На съезде же перед фактом своей полной изоляции и фатального поражения Каменев пел уже другие песни и другим голосом[233]:

«Каменев. Наша позиция перед этим выбором — вторая партия или назад в партию, — ясна: назад в партию во что бы то ни стало. (Шум.)

Голос. Обойдемся без вас.

Каменев. И мы просим съезд, если этот съезд хочет войти в историю не съездом дробления, а съездом умиротворения в партии, — помогите нам в этом деле. (Шум) Голос. Обойдемся и без вас, два года уже обходились.

Голос. Вы в историю уже вошли.

Голос. Откажитесь от меньшевизма.

Голос. Откажитесь от троцкизма!

Каменев. Рабочий класс хочет этого примирения. Несмотря на все разногласия, несмотря на всю остроту борьбы, у нас есть с вами общий интерес, — это сохранение единства партии, как основного рычага диктатуры пролетариата. (Шум)»[234].

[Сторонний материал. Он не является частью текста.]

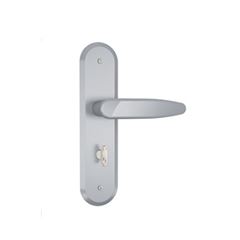 Fechadura WC Alavanca Espelho 1820/19 Aisi Inox - Ref. 34749 - STAM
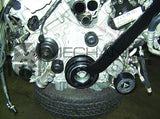 Mercedes Benz OM642 Engine Crankshaft Pulley Tool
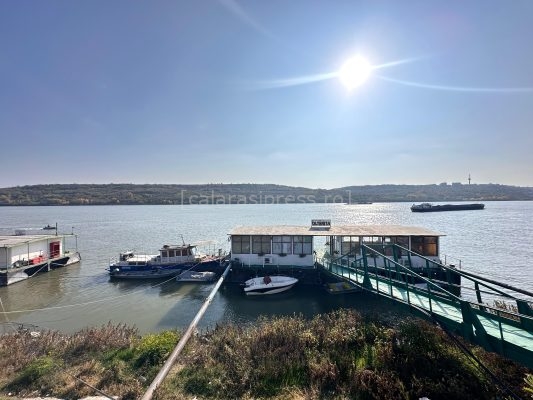 Oltenița se conectează cu Bulgaria prin feribot: Proiectul transfrontalier, aproape de finalizare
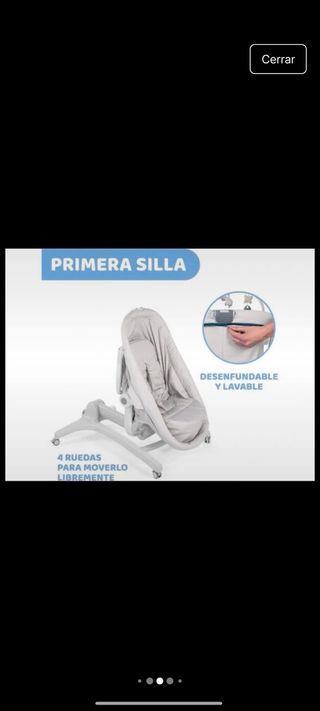 Mini culla Chicco Baby Hug 4 in 1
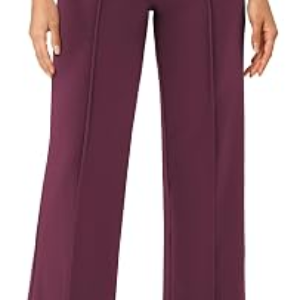 DLOODA Wide Leg Work Pants
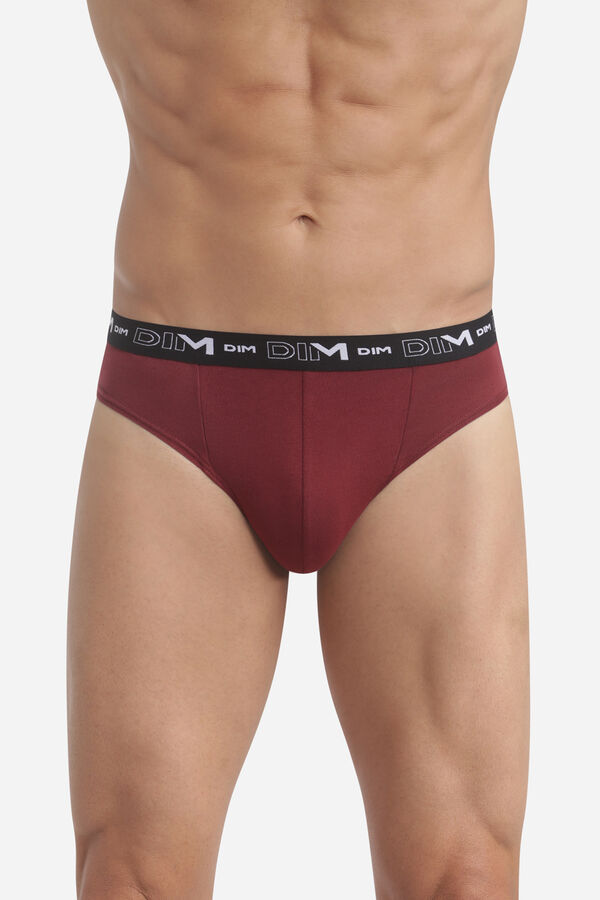 DIM Pack 2 slips algod&oacute;n estampado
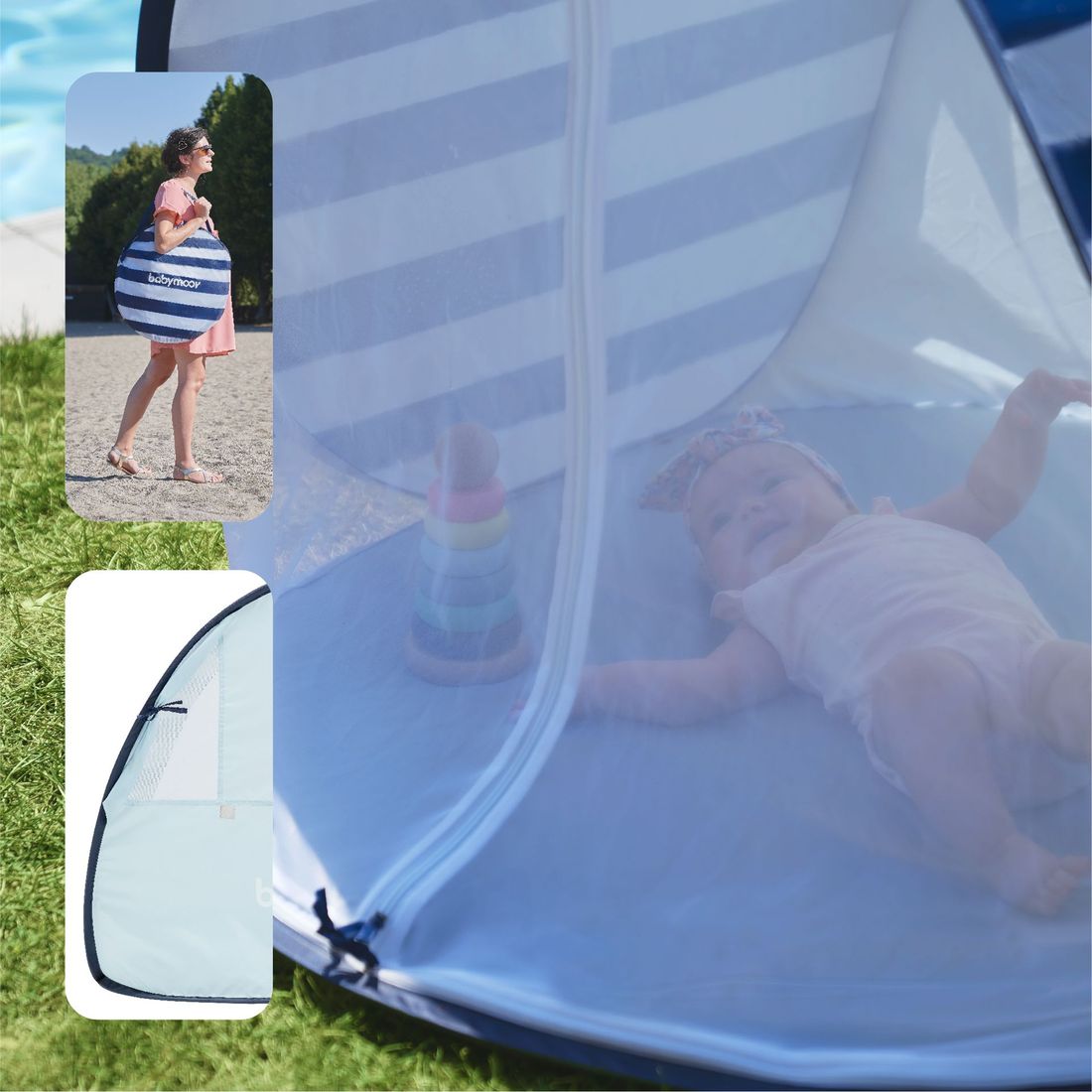 Tente Anti-UV Haute Protection 50+ (Babymoov) - Image 4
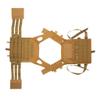 Jipemtra Tactical Airsoft Vest Molle Breathable JPC Game Protective Adjustable Modular Chest Set CS Field Training Vest for Slim Person Outdoors view 4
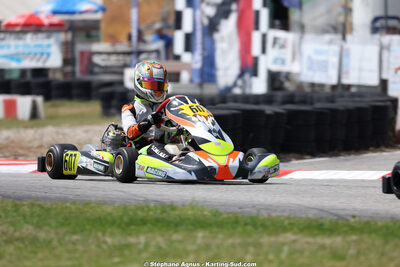 Master / Gentleman — 05-07/06/2026 : IAME Series France Round 2 à Aigues-Vives (Photos Stéphane Agnus) 2026 — karting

Видимо, Сталин саркастически усмехался в душе и даже злорадствовал, наблюдая за этим политическим пресмыкательством. Он не просто ненавидел Каменева, но и презирал его, так как слишком хорошо знал. Это были совершенно разные люди, и то, что они оказались по разную сторону баррикад — не случайность, а неизбежная закономерность.

Сталин, как говорится, на полную катушку использовал провал оппозиции: помимо всего прочего, он постарался использовать этот крах для дискредитации ведущих лидеров оппозиции, часто ссылавшихся на то, что они были ближайшими сподвижниками Ленина (Зиновьев и Каменев). Развеять ореол соратников Ленина было необходимо, чтобы расчистить себе дорогу к этому пьедесталу. И Сталин не преминул воспользоваться этим.

Он сам себе ставил вопросы и сам же давал на них вполне определенные ответы, призванные окончательно развеять бытовавшее тогда еще в партии мнение, что Зиновьев и Каменев достойны доверия и уважения как самые ближайшие сподвижники усопшего вождя. Сталин говорил: «Но вот вопрос: есть ли в большевистских традициях то, что позволяла и продолжает позволять себе оппозиция? Оппозиция организовала фракцию и превратила её в партию внутри нашей большевистской партии. Но где это слыхано, чтобы большевистские традиции позволяли кому-нибудь допускать такое безобразие? Как можно говорить о большевистских традициях, допуская вместе с тем раскол в партии и образование в ней новой, антибольшевистской партии?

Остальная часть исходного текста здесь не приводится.